* [Data excerpt]:
++++++++++++++++++++

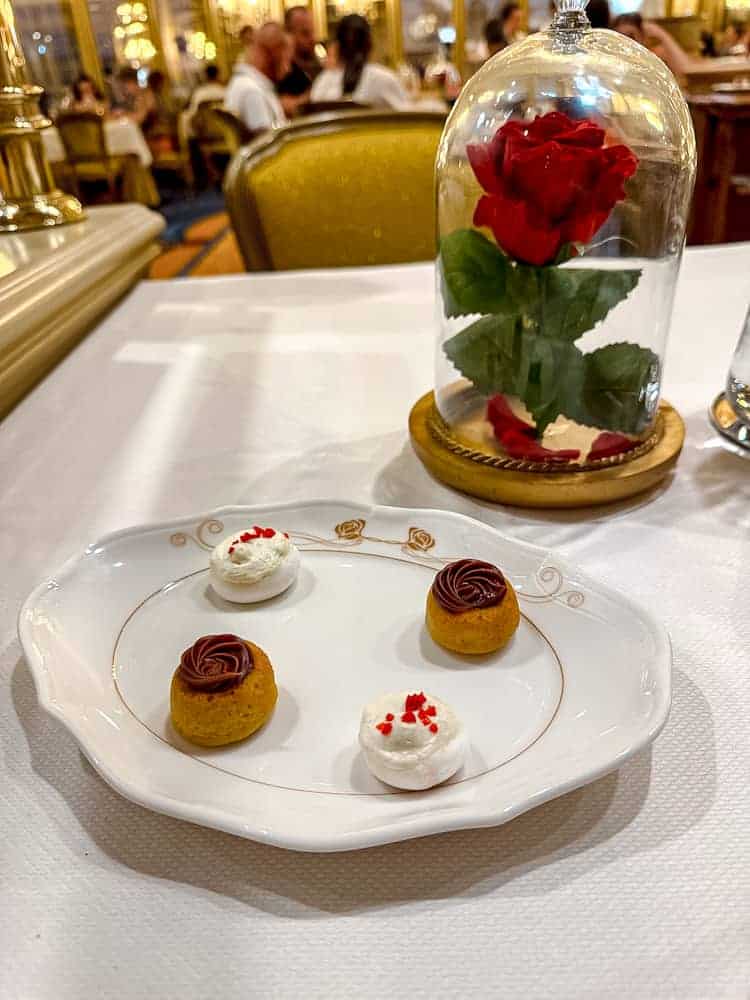 A plate of petit fours served at La Table de Lumière in Disneyland Paris, next to the iconic rose in a dome centrepiece.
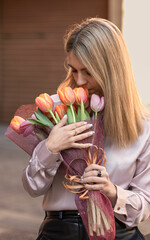 A happy woman is smelling a bouquet of spring flowers, which she holds in her hands.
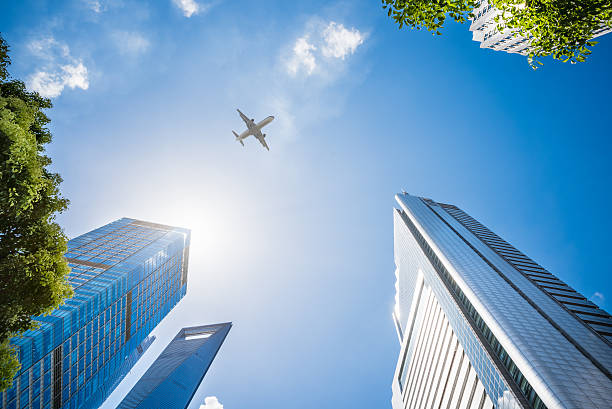 Airplane Flying Over Skyscrapers stock photo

++++++++++++++++++++

* [Exercise goal]:
Your answer must be an exact copy of the lines above, from the line that contains "A happy woman" through the final line, with no pictures in it.

* [Solution]:
 A happy woman is smelling a bouquet of spring flowers, which she holds in her hands.
 Airplane Flying Over Skyscrapers stock photo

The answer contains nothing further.